WHAT NEEDS TO BE DONE
Copy the data exactly, pictures aside.

SOURCE DATA
===

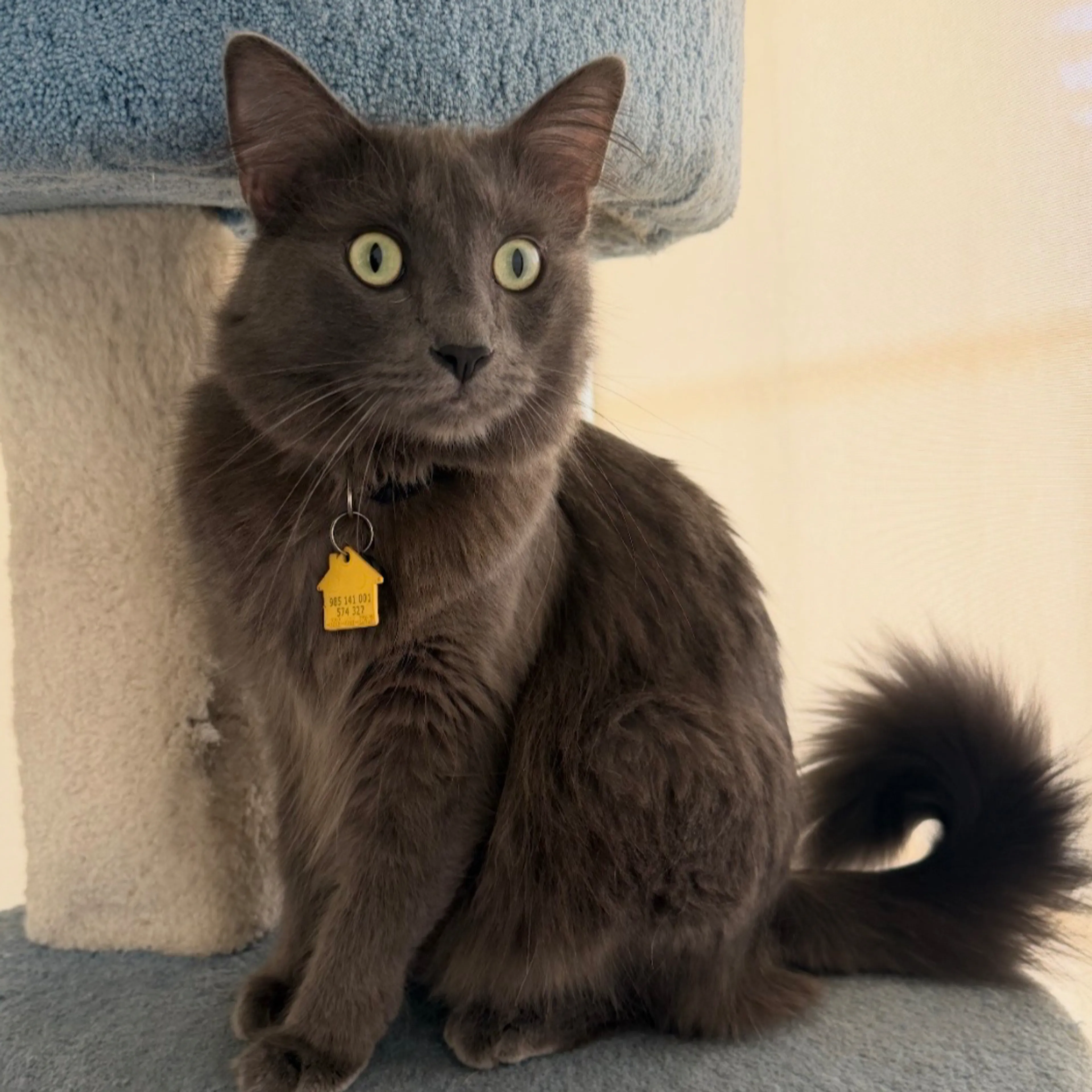Lost pet-1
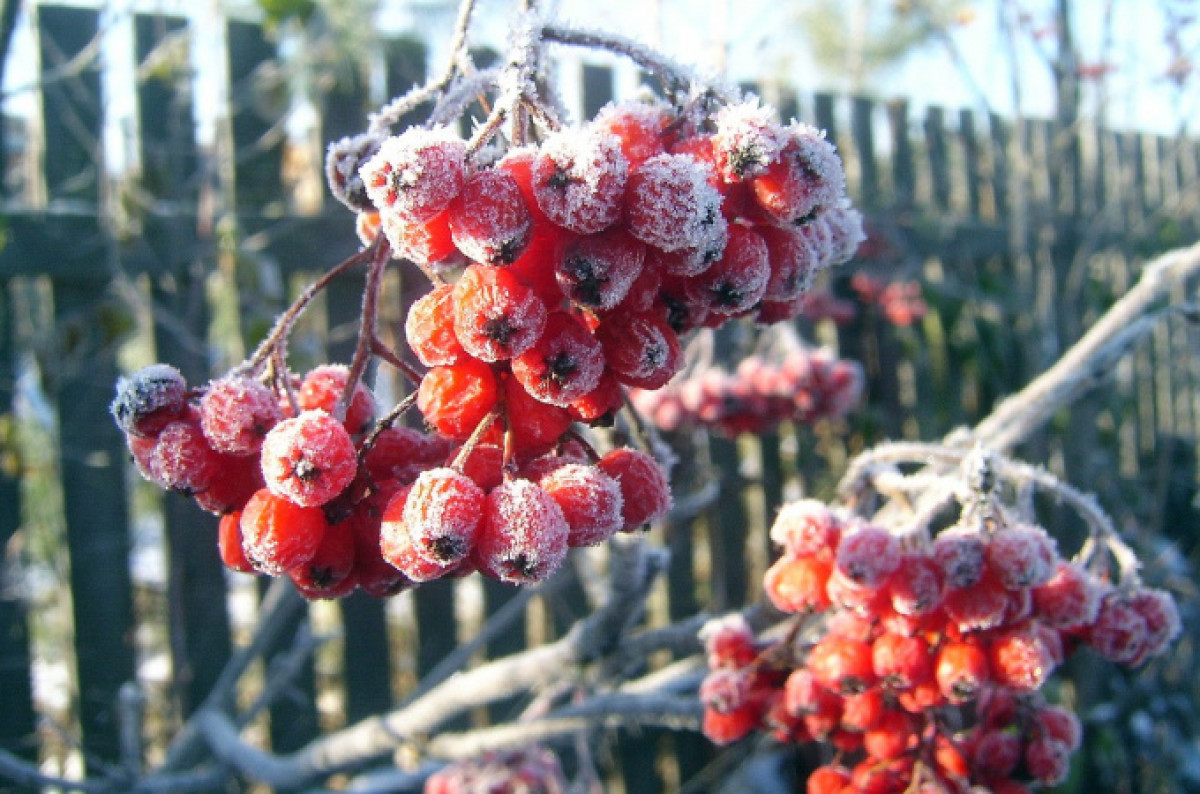Синоптики предупредили о шторме в двух регионах Казахстана 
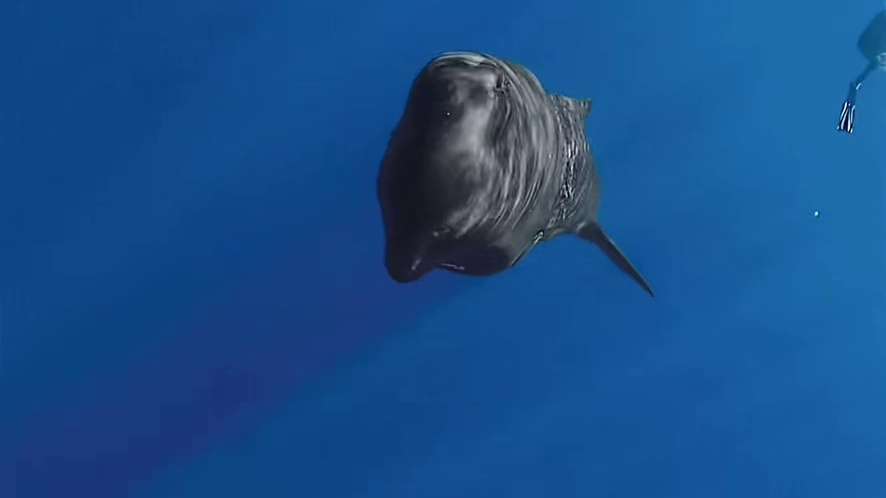 小玉哥的专属顶级浪漫！！呜呜呜～！！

===

EXERCISE RESULT
Lost pet-1
Синоптики предупредили о шторме в двух регионах Казахстана 
 小玉哥的专属顶级浪漫！！呜呜呜～！！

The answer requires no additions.